In addition to managing to production of everything except wood, I was chosen to assist Dave with new projects. I helped him build two new improved coil winding machines, and I help him build out new shop space as we grew. Dave and I built out what was the first custom guitar shop, (install power mostly)
The electronics shop was basically pickups, assemblies and some of the metal stuff (putting together bridges for example). There were two four spindle coil winders, a station for putting brass grommets in the bobbins, a station for pressing the magnets, the wax bath station and the magnatizer station. The pickups were taken into the wood shop to have their tops smoothed.
The guys that wound pickups (Tavo Fernandez and Mike Moran) were at the top of the pay scale, it was a delicate job
Next on the pay scale, but the true heroes of Van Nuys Schecter, were the guys in the metal shop.
The metal shop was a hell hole. It was the smallest of all the shops, the front 1/5th of the shop was a small room with the de-greaser, a tank with noxious chemicals to clean the buffing compound off the polished brass. The rest of the shop held three large dual buffing machines. Along the back wall were an array of monster fans to blow all the crap out.
When I arrived at Schecter, everything was already up and running as a replacement parts factory. There were three major things that happened while I was there:
I'll assume you all are most interested in #3.
It really started with the hire of Tom Anderson. Before Tom the wood shop was run by Larry Ludowitz (last I saw him he flew a private Jet for Roy Disney). Larry may have played a bit of guitar, but he didn't know a lot about guitars, he was just very good with the router and manhandling wood to cut out bodies and necks. Bodies were easy compared to necks when it came to the work done after the basic blank was cut. Necks were always in short supply.
Tom was clearly really into wood and guitars and Larry was into fun and rowdiness and competing with the metal shop (me) over air compressor capacity. Tom sort of took over the wood shop, but in a non-agressive 'quality control' kind of way, Larry still was on the hook for actual production numbers. Tom became responsible for the early quality of Van Nuys Schecter bodies and necks.

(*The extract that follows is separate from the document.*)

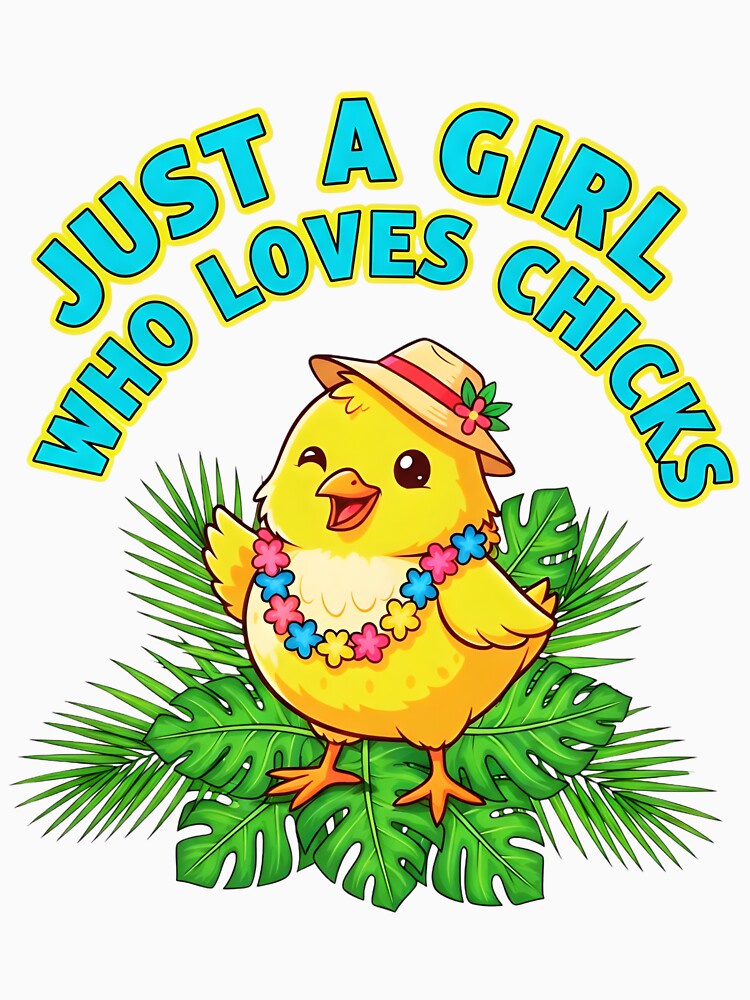 Just a Girl Who Loves Chicks | Cute Chicken Lover Gift Design by SoftPeepCo T-Shirts, Hoodie, Sweatshirt (Image 3)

Now I'm not sure the motivation for the first factory assembled guitars. I think on the one hand it was an obvious thing to do, but the short term motivation was probably to photograph them for inclusion in the 1979 catalog as a way to show what you can do with Schecter parts.
The next thing I know, Schecter is hiring two guys from Memphis , Tommy Stinson
and Tom Keckler (the Memphis Toms we called them). They were expert guitar technicians, and they were hired to crank out complete Schecter guitars.
Tom Anderson was their liaison to the factory floor, the wood shop mostly. The Memphis Toms focused on proper setup and play. Tom Anderson was more into the exotic woods, the look of neck body wood combos, etc. After about 1 year, the Memphis Toms had learned how the Schecter factory worked, and Tom Anderson learned a lot about setup from the Memphis Toms, and all three pretty much became the custom guitar shop. Tom still had 'parts production' responsibilities, but spent a lot of time dealing with the other two Toms building guitars.